[Saved entries]
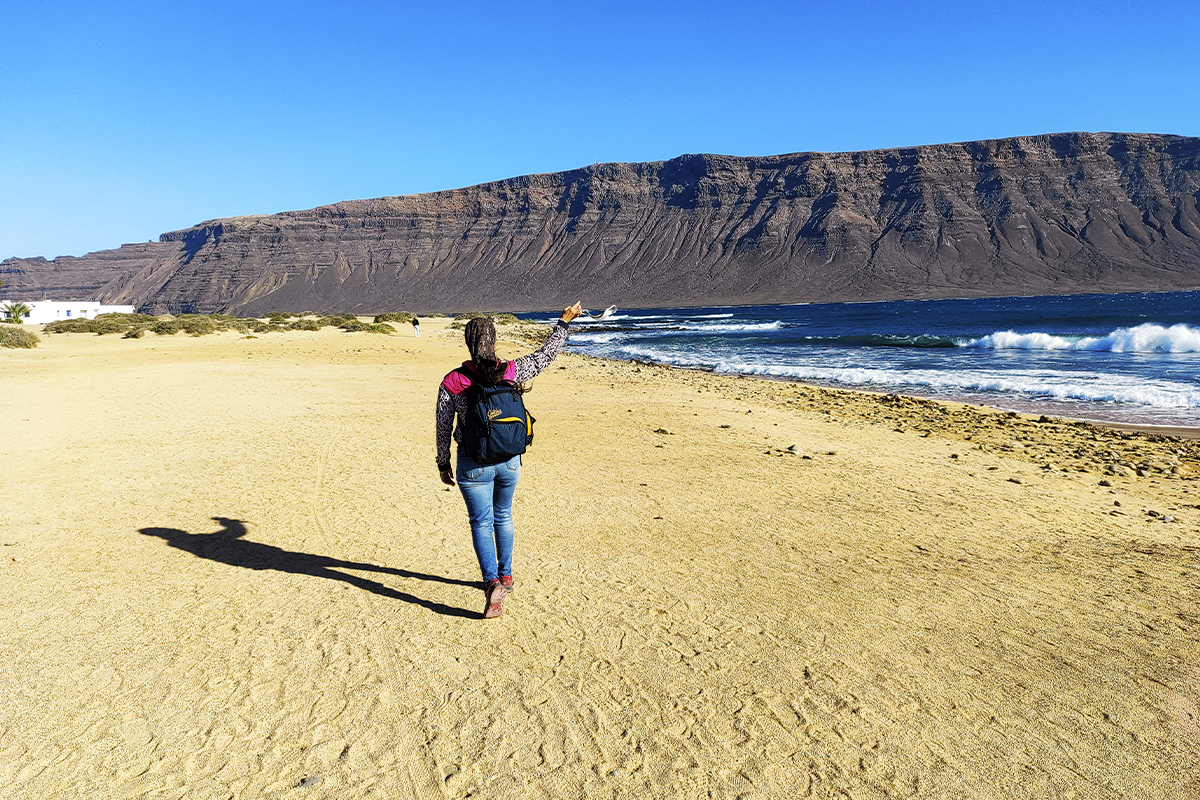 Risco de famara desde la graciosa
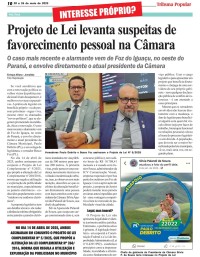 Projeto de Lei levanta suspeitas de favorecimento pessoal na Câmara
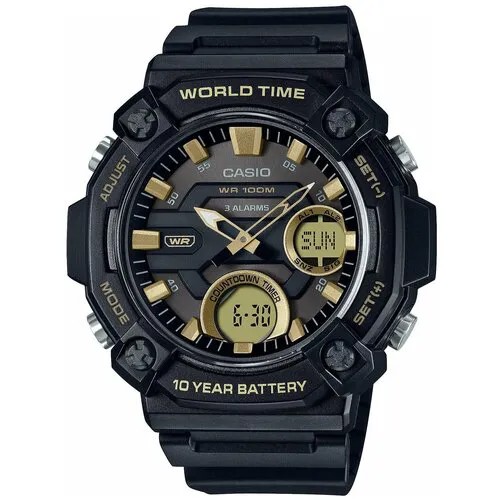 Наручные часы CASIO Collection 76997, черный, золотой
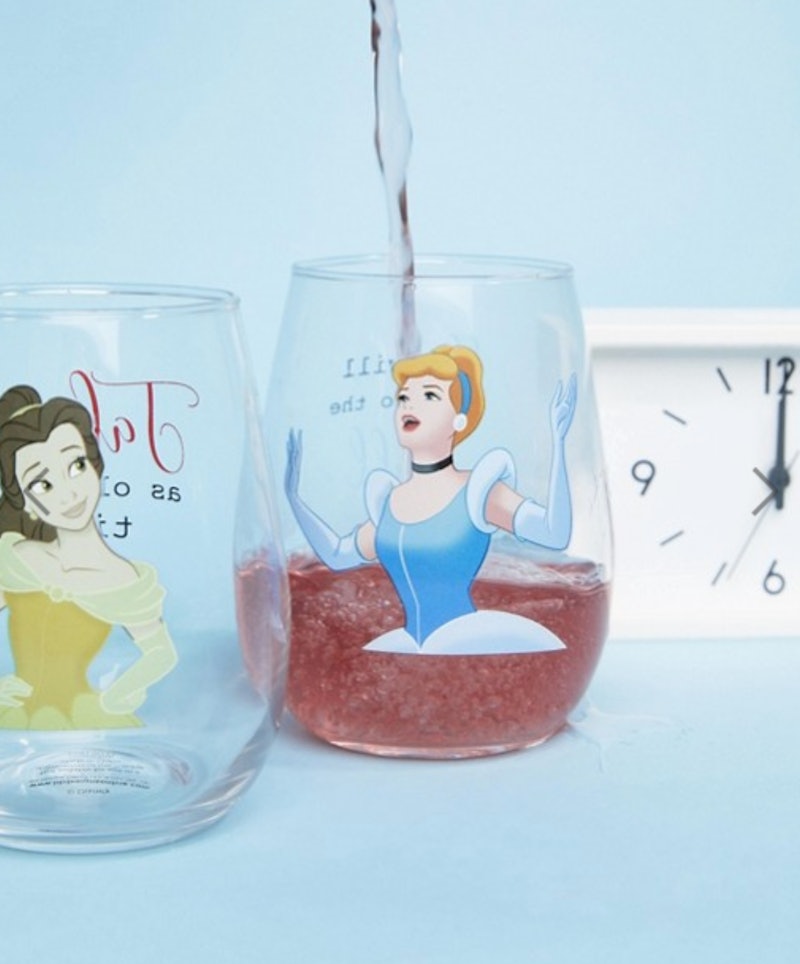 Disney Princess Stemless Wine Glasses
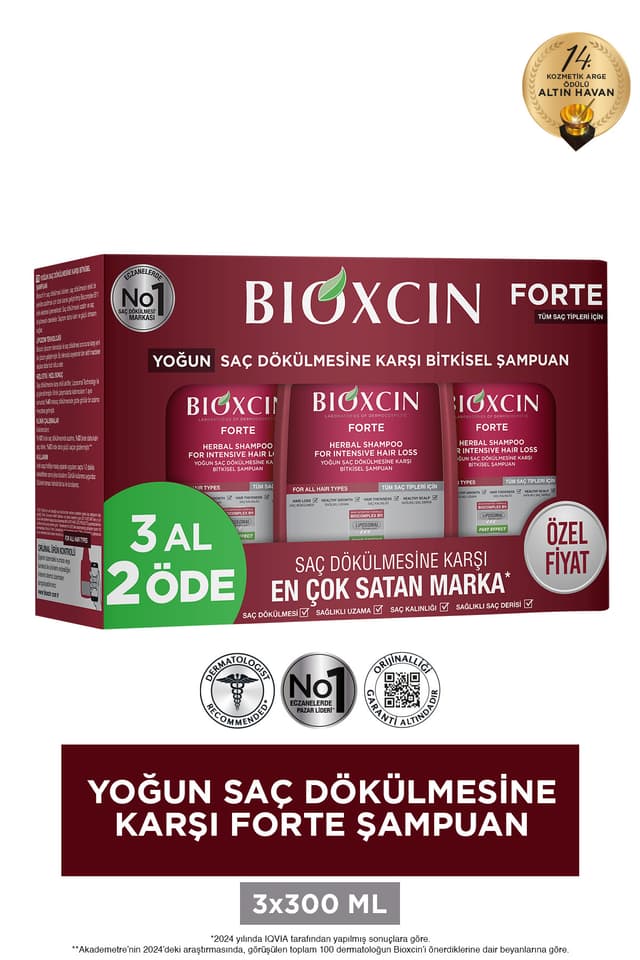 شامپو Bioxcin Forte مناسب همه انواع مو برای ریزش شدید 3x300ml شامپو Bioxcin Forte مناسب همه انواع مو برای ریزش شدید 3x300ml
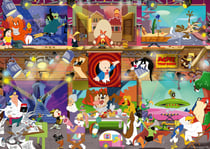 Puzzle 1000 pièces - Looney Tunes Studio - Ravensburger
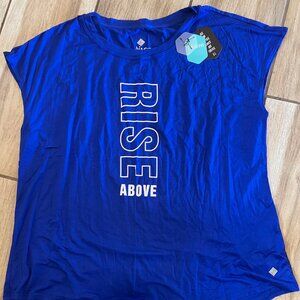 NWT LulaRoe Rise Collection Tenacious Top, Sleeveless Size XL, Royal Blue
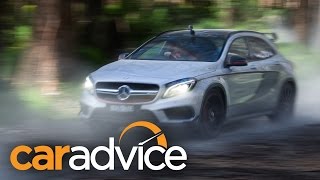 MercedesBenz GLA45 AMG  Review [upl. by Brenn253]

Your instructions. Every record is to be restated word for word, with the pictures left out.

Answer space.
 Risco de famara desde la graciosa
 Projeto de Lei levanta suspeitas de favorecimento pessoal na Câmara
 Наручные часы CASIO Collection 76997, черный, золотой
 Disney Princess Stemless Wine Glasses
 شامپو Bioxcin Forte مناسب همه انواع مو برای ریزش شدید 3x300ml شامپو Bioxcin Forte مناسب همه انواع مو برای ریزش شدید 3x300ml
 Puzzle 1000 pièces - Looney Tunes Studio - Ravensburger
 NWT LulaRoe Rise Collection Tenacious Top, Sleeveless Size XL, Royal Blue
 MercedesBenz GLA45 AMG  Review [upl. by Brenn253]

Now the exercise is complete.